All this aside, the things which have simultaneously helped me and terrified me most are the communities; I have taken to hanging out on #python and #django on the Freenode IRC network, and it’s absolutely great any time you have some dumb little question about “how do I do [foo]?”
That’s not the scary bit, though.
The scary bit is when “[foo]” falls outside the community’s expectation of “how web2.0 software works”; it’s gotten to the point now where I am using proactive ad-baculum arguments in an attempt to stave off people who reflexively tell me that what I am doing, I am doing wrong – for instance:
alecm: anyone here familiar with the Twitter REST API?
user1: alecmuffett, there are python modules that interface it
user2: yeah, python-twitter
alecm: cool; maybe I should look at them. What I am doing is implementing something similar, where a
GET /foo.jsonreturns a “foo” structure in JSON, whereasGET /foo.xmlreturns it in XML. I am wondering whether it is smartest to write complex URLconfs liker'/foo\.(?… or if it is wisest to break them out into separate callbacks for JSON versus XML(xml|json))$' user3: i would use the one with format because the both view will use the sames datas so the same view seems to be more dry for me…
alecm: that’s what I am tearing myself up about; the risk of having potentially dozens of instances of ‘if format == “xml” blobs all over the place; in theory I should just have to create the data structure once and then hand it off to a custom response handler, preserving the ‘format’ option so *that* can switch and decide on the output format… but that doesn’t always work out the way i wanted… 🙂
user3: in the mean time it’s a little weird that your application need to provide both xml and json (-:
Maybe that’s a weak example since it was really short, so how about this one:
alecm: If I was writing a multi-user blog, what would most people do (in Django) to separate one user’s postings and data from another? Separate instances of the application? Separate databases? Separate tables? And what about maintenance of distinct per-user sessions with authentication?
user4: it would be typical to use a column of the post table to indicate the author
user5: why would you need any of that?
user5: in the simplest case just fkey [FOREIGN KEY – IE: CREATE A REFERENCE] from [EACH] post to [ITS] user
alecm: let’s just imagine that it’s a blog with a lot of secret stuff in it, and the ability to separate one user from another with pretty thick walls separating them, is administratively and politically desirable
user5: that’s silly talk, but okay
user5: you still only need the fkey
alecm: the fkey works so long as the number of tables is small – postings, say – but if there are postings, friends-list-tables, tag-tables, password-tables, etc, etc, then keeping track of fkeys for each record in each kind of table is a pain. That’s why I was thinking of separate databases…

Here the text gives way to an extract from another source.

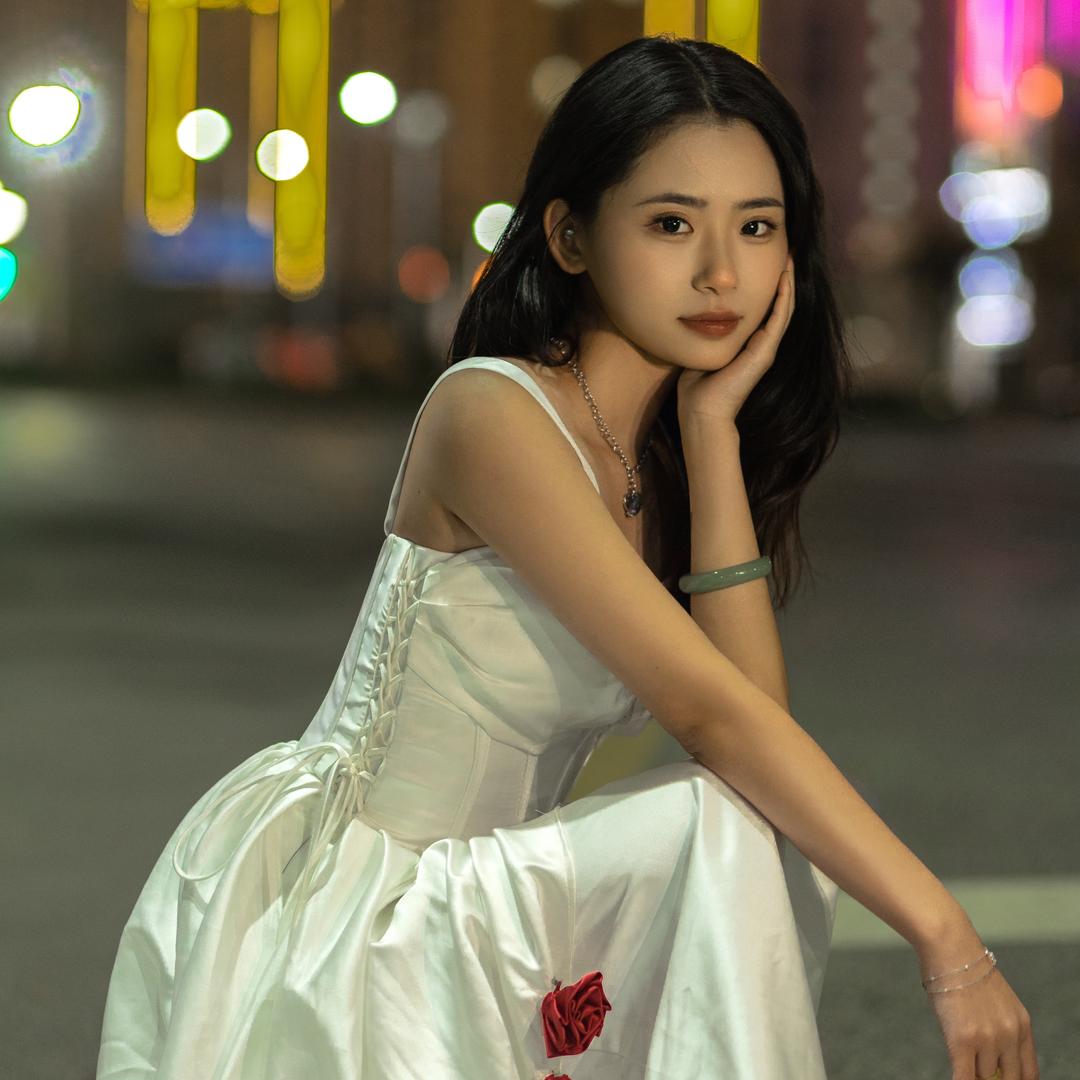 贺星月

user5: i really don’t see the difficulty
I could explain stuff like “not all clients are browsers and/or have JavaScript stacks“, or “sometimes separation of user data is really important” – and somewhat discourteously I sometimes mentally want to add “…and you might understand this if you had ever used a system that supported more than 200 simultaneous users” – but I refrain because the explanations tend to turn into arguments that (ultimately) achieve nothing.
Aside from that, the Python and Django communities are wonderful. I’ve had a lot of help from them.
Let’s just hope the above is not a bellwether of ultimate limitations in Django.